The key to the build lies in the elegant steel flanges used to make the drawers. These were designed in CAD, with a DXF cutting file exported and sent off to OSH Cut for laser cutting and bending, in much the same way one would send 3D printed parts off to Shapeways or PCB files to JLCPCB. The drawer flanges are then joined with steel angle and fitted with plywood bases and sides. The drawers are then given CNC-engraved nameplates for a nice aesthetic touch. Once finished, the heavy duty drawers slide on wooden rails built into the walnut frame.

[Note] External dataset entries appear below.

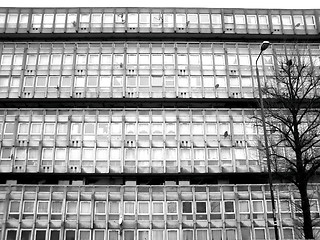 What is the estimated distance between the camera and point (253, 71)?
3909cm

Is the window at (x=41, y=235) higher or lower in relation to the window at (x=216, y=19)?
lower

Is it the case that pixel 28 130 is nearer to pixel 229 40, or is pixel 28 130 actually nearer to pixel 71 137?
pixel 71 137

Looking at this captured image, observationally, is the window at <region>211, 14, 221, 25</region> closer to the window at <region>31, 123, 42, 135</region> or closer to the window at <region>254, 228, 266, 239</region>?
the window at <region>31, 123, 42, 135</region>

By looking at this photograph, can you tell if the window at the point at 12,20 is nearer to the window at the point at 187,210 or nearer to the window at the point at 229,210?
the window at the point at 187,210

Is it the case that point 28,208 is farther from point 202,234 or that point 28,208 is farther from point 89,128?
point 202,234

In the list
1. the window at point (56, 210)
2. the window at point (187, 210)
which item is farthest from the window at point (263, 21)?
the window at point (56, 210)

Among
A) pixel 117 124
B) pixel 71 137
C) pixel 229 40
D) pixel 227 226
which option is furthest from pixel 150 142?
pixel 229 40

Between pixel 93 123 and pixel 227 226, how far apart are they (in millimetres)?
13604

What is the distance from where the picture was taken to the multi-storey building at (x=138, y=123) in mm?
33312

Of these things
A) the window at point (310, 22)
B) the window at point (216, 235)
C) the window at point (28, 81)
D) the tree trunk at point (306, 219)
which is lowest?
the window at point (216, 235)

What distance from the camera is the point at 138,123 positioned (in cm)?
3700

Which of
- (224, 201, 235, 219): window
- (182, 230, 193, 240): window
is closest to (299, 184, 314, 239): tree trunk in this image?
(224, 201, 235, 219): window

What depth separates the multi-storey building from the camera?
33.3m

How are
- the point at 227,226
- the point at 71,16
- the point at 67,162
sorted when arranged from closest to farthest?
the point at 227,226 → the point at 67,162 → the point at 71,16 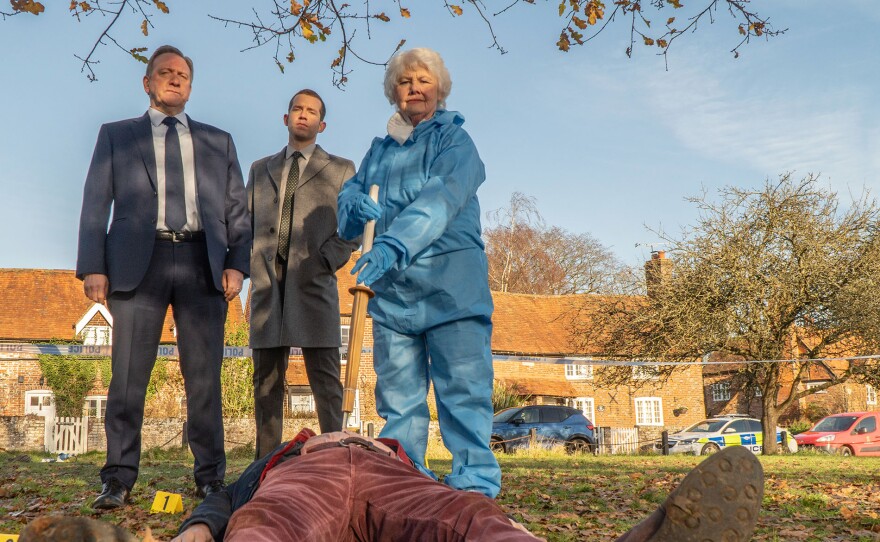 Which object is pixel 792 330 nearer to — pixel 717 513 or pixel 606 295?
pixel 606 295

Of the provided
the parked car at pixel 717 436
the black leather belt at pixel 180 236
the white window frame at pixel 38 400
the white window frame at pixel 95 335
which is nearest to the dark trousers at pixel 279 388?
the black leather belt at pixel 180 236

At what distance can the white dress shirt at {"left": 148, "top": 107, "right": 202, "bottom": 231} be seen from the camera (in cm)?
473

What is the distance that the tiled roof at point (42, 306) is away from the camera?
34.5 metres

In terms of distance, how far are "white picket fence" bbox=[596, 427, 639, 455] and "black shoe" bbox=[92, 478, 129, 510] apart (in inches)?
822

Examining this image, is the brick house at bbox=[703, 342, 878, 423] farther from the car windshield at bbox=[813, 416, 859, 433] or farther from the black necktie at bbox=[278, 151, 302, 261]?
the black necktie at bbox=[278, 151, 302, 261]

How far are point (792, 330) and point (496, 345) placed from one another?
51.2ft

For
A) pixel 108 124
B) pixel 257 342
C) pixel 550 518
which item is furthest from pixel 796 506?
pixel 108 124

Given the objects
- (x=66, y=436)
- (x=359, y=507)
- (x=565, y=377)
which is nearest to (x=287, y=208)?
(x=359, y=507)

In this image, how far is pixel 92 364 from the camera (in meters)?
32.5

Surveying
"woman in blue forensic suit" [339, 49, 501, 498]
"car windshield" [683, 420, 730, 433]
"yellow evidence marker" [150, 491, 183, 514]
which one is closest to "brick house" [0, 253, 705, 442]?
"car windshield" [683, 420, 730, 433]

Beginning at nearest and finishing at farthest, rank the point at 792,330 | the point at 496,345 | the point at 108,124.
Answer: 1. the point at 108,124
2. the point at 792,330
3. the point at 496,345

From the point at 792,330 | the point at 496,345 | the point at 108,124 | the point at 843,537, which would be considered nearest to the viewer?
the point at 843,537

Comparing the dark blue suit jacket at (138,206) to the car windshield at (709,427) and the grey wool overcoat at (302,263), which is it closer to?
the grey wool overcoat at (302,263)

It’s a great example of how farming out a single piece of a larger project can lead to a quicker build and better final results. Producing 12 flanges by hand in the home shop would take longer and likely have far more variability. For those that only have a 3D printer at home, farming out production for metal parts is a good way to do heavy-duty projects without having to invest in an entire machine shop.

[Wesley] has graced these pages before, too – with a great guide on reproducing knobs for vintage hardware. Video after the break.

19 thoughts on “Industrial-Grade Storage Built With Laser-Cut Steel

  1. >The subject sticks his or her hand in the box, which causes immense pain. If they immediately follow their instincts and withdraw their hand, the Bene Gesserit deems them as base as animals; if the subject can remain aware enough of the certain death at their neck to stick through the pain, they pass the test.

    That’s the first thing that pops up in my mind.

  2. I cannot recommend OshCut highly enough. I’ve had them cut 3/16 steel plates to make a modular drive sprocket (add or remove plates to change belt widths), chain sprockets with oddball mounting patterns to fit HoverBoard motors sans tire, and 1mm thick spring-steel snap rings (evidently nobody make 44mm snap rings stock) and all have come out beautifully. Also a mounting bracket for my working model 20mm siege mortar.

    I appreciate the quality and attention to detail, and I *really* appreciate the easy on-line quote and design rule check.

    1. I agree! I used OshCut extensively via my research lab & their quote tool & prices blow away my local shops. So I ended up doing CNC at local shops and anything sheet-based got laser cut by OshCut for 1/10 the price.

    2. You know, sometimes I don’t mind finding a new service through a legit article.

      I don’t feel like I was advertised to, and I found a new avenue for getting stuff made with little hassle involving equipment I don’t expect to own at any point- so its a win win. Oshcut looks cool.

  3. Looks like aesthetics overruled practicability here. And, strictly personally speaking, I find the boxes to be rather ostentatious with their assumed-but-uneducated “industrial” look

    1. This is an aesthetic exercise rather than a practical one since they store about half the volume they take up. I’d say “Homage to mid-century YMCA locker room styling “. Likely they’re accompanied by bare-filament “antique” LED lighting and a Estella Caffe espresso machine.

    2. Yep, pretty sure Adam Savage nailed some more practical storage boxes together from simple plywood recently that are way more practical.